SQL Statistics on a sequential DATE table

  • I have seen and use a DATE table for a db that I use for weather reporting

    The date table is typical of these and this code will generate an example of it with data from 2007 to 2015 (I have kept it simple to 2 columns for this msg)

    --drop table Dates2

    go

    CREATE TABLE [dbo].[Dates2](

    [DateValue] [datetime] NOT NULL,

    [day] [int] NULL,

    CONSTRAINT [PK_Dates2] PRIMARY KEY CLUSTERED

    (

    [DateValue] ASC

    )WITH (PAD_INDEX = OFF, STATISTICS_NORECOMPUTE = OFF, IGNORE_DUP_KEY = OFF, ALLOW_ROW_LOCKS = ON, ALLOW_PAGE_LOCKS = ON) ON [PRIMARY]

    ) ON [PRIMARY]

    go

    declare @CurrentDate datetime = '2007-1-1'

    while (@CurrentDate < '2015-1-1')

    begin

    insert into Dates2(DateValue, [day])

    values (@CurrentDate, datepart(day, @CurrentDate))

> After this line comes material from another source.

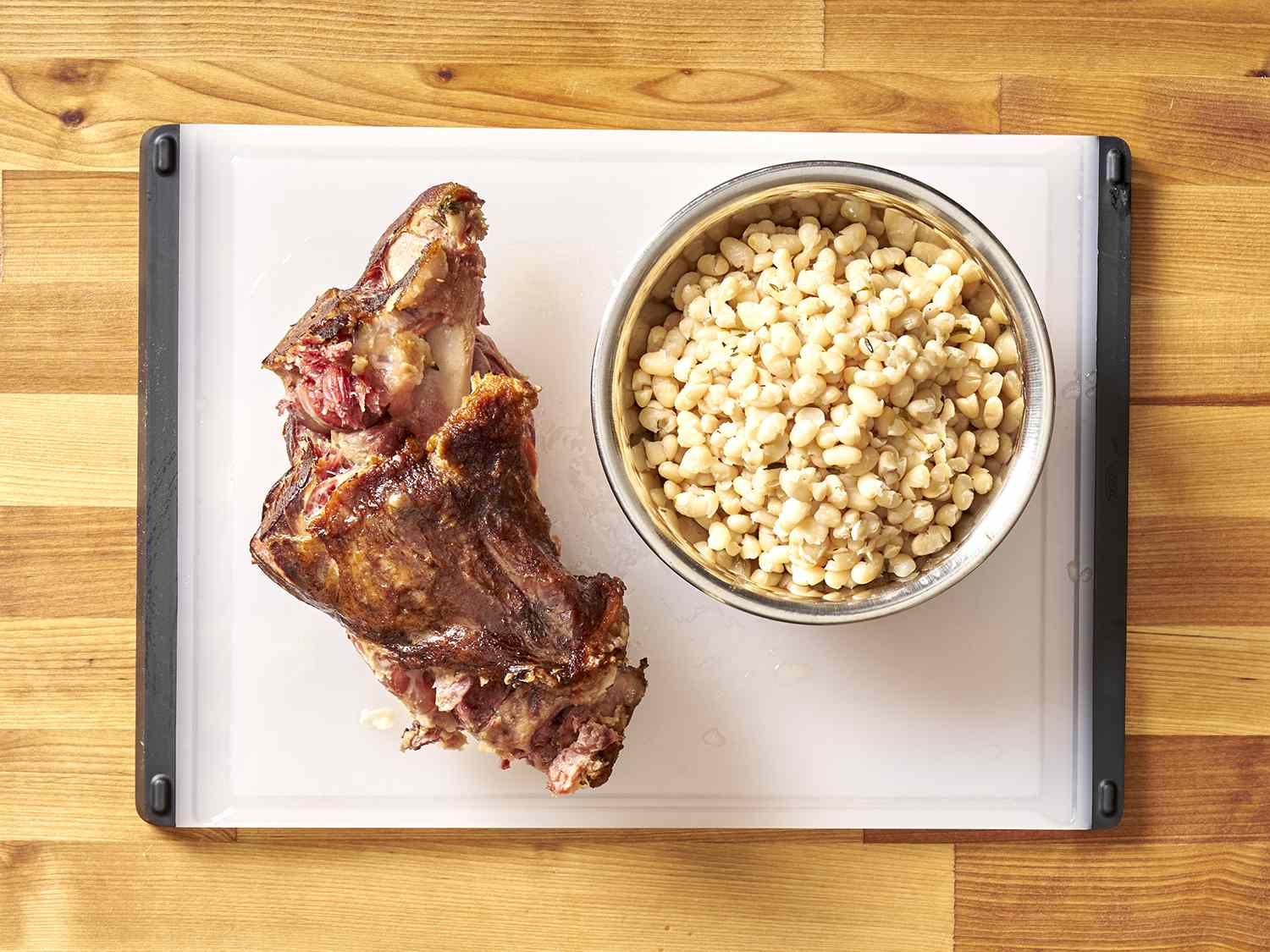 Ham hock and navy beans resting on a cutting board.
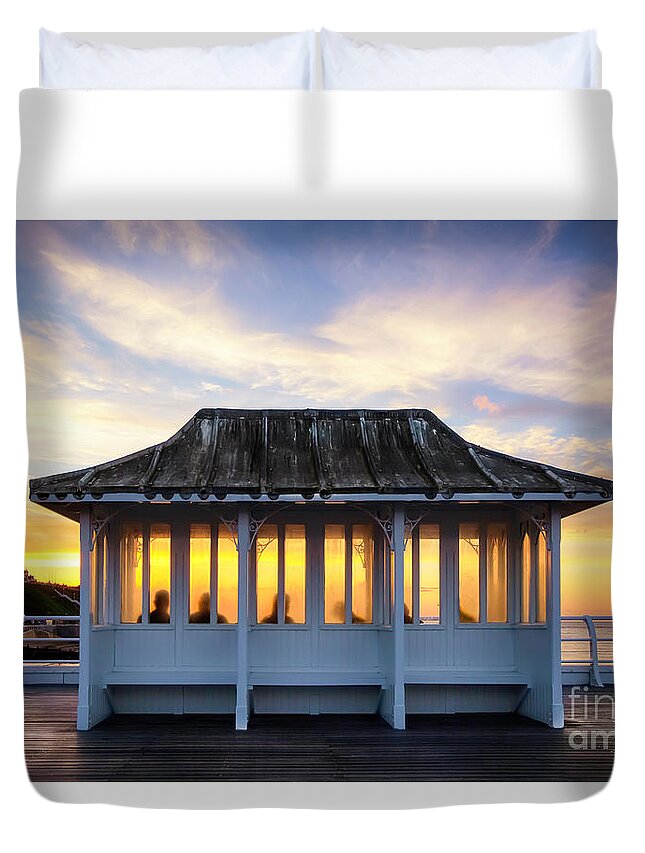 Cromer Duvet Cover featuring the photograph Cromer Pier Norfolk sunset watchers by Simon Bratt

    set @CurrentDate= dateadd(day, 1, @CurrentDate)

    end

    go

    UPDATE STATISTICS Dates2 with fullscan, all

    go

    DBCC SHOW_STATISTICS (Dates2, PK_Dates2) with histogram

    go

    Now my question is that I know that there is exactly 1 record for each day. Also the statistics that are generated although random intervals are used, are accurate for each period.

    So for any period I know that say between Jan 1, 2012 and Jan 21, 2012 there are exactly 21 records

    select * from dates2 where datevalue between '2012-01-01' and '2012-01-21'

    If you turn on Actual Query plan and hover over the actual index seek the estimated rows will be correct or very close to it (20.5446)

    But do the same for this query which has variables.

    declare @then DateTime

    declare @Today DateTime

    set @Today = dateadd(dd,datediff(dd,0, getdate()),0)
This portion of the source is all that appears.